Web page caption snippets
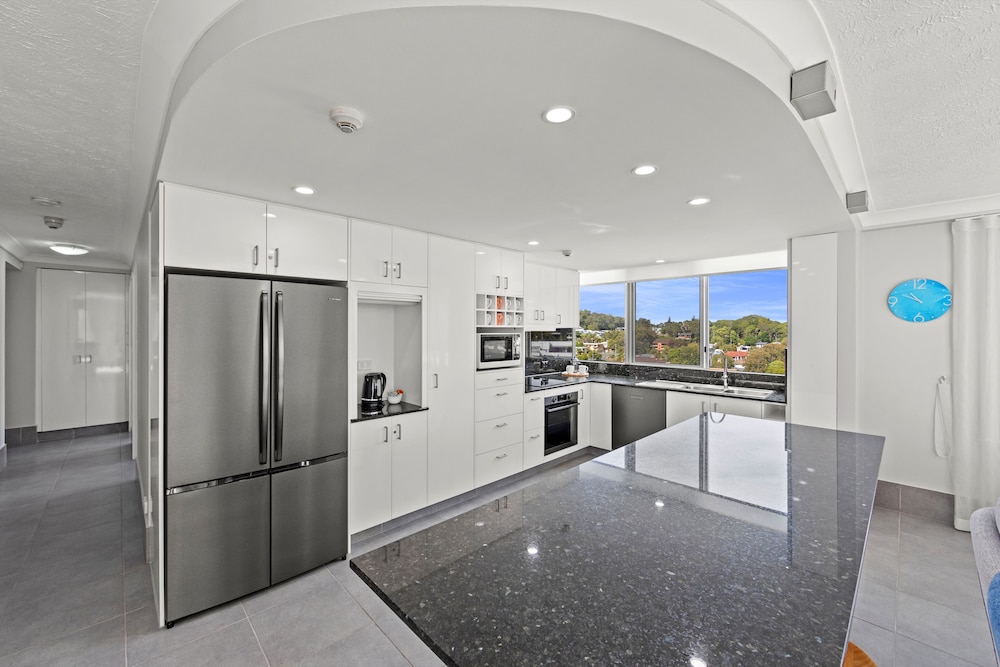Burleigh Beach Tower 19/49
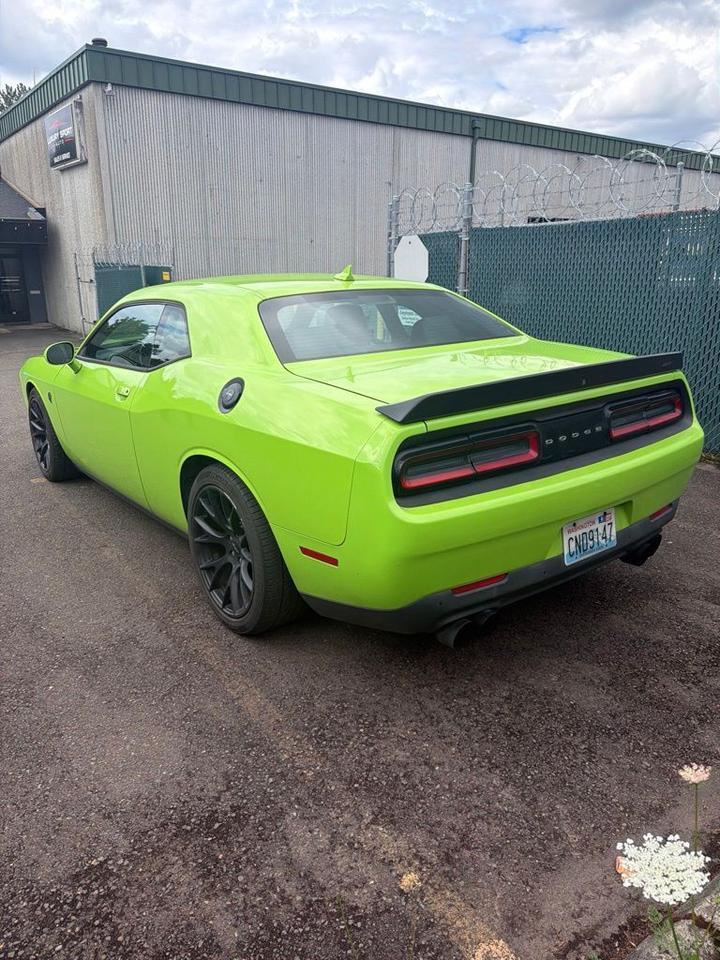 2015 Dodge Challenger SRT Hellcat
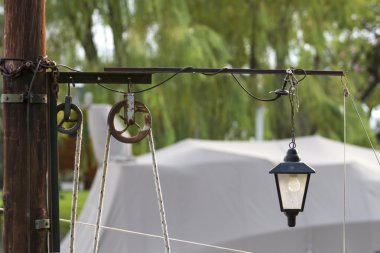 yelken yan kasnak ile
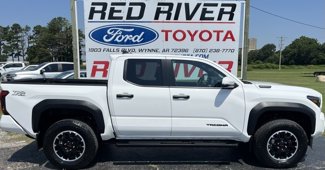 Used 2024 Toyota Tacoma TRD Off-Road image 1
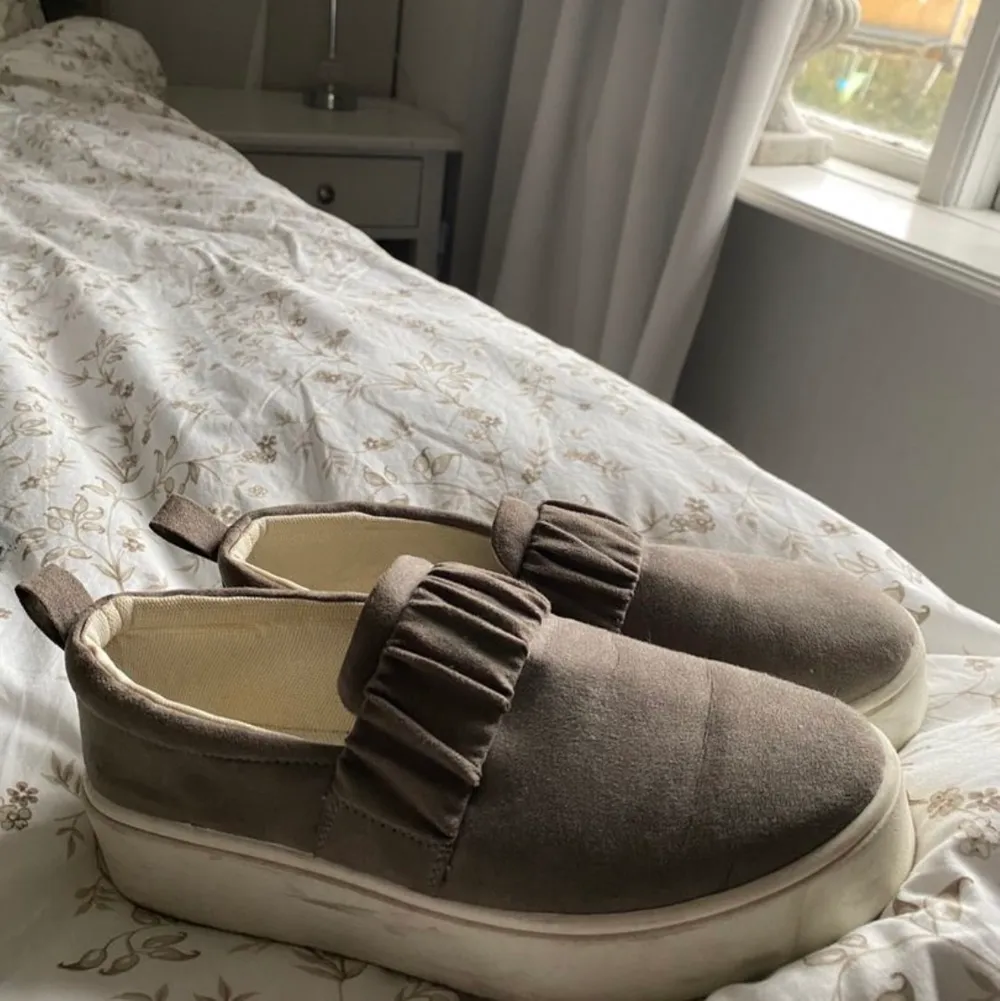  Beige/ grå skor i storlek 37✨ Bra skick- finns lite små märken, men inget man tänker på🤍( super lätt att tvätta bort )  Köparen betalar frakt 🌷. Skor.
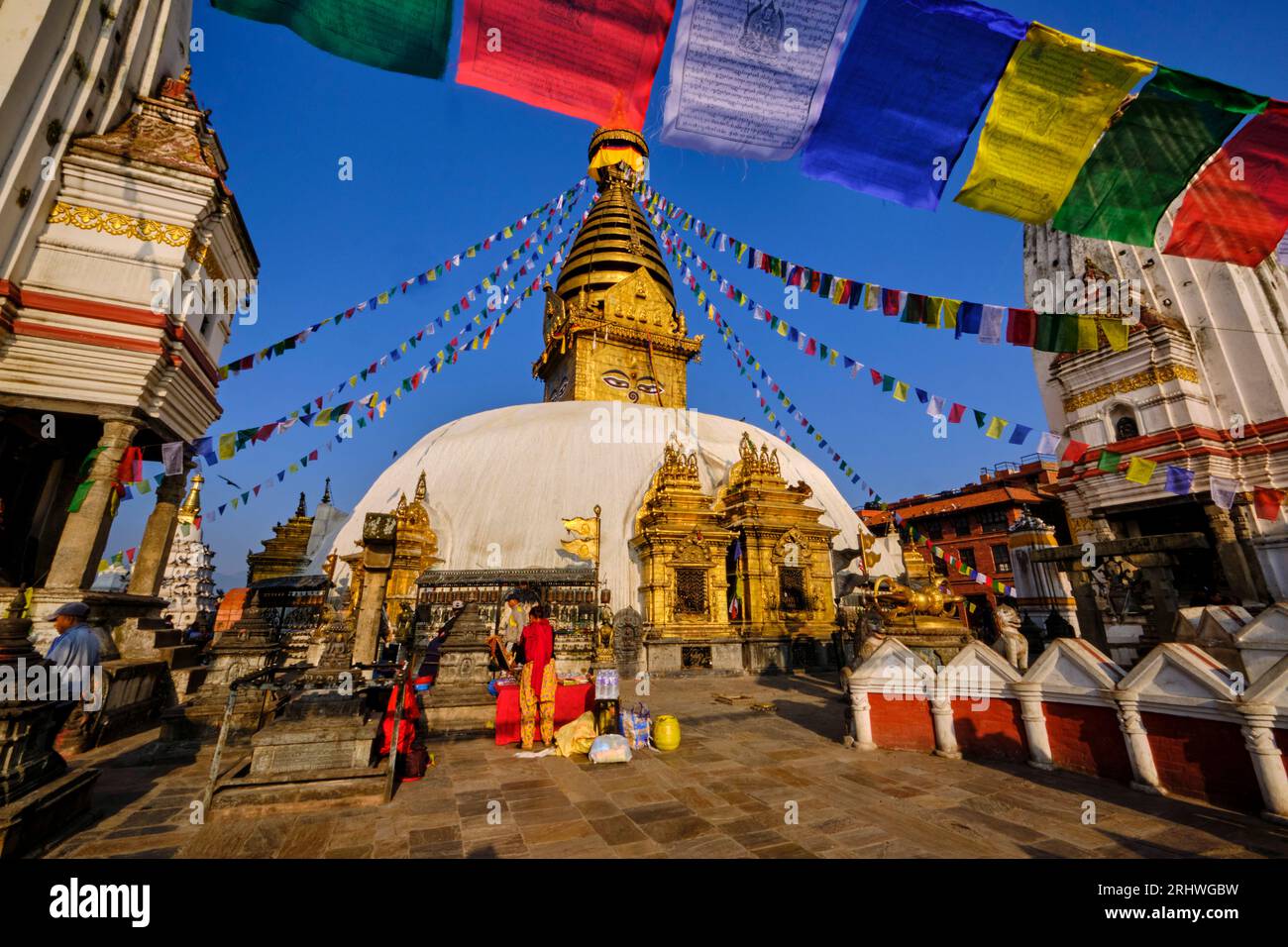 Nepal, Kathmandu-Tal, Swayambunath buddhistische Stupa und Gebetsfahne Stockfoto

§ **Problem details**: The records are to be returned verbatim. Skip any picture they contain.

§ **Reply to the task**:
Burleigh Beach Tower 19/49
 2015 Dodge Challenger SRT Hellcat
 yelken yan kasnak ile
 Used 2024 Toyota Tacoma TRD Off-Road image 1
  Beige/ grå skor i storlek 37✨ Bra skick- finns lite små märken, men inget man tänker på🤍( super lätt att tvätta bort )  Köparen betalar frakt 🌷. Skor.
 Nepal, Kathmandu-Tal, Swayambunath buddhistische Stupa und Gebetsfahne Stockfoto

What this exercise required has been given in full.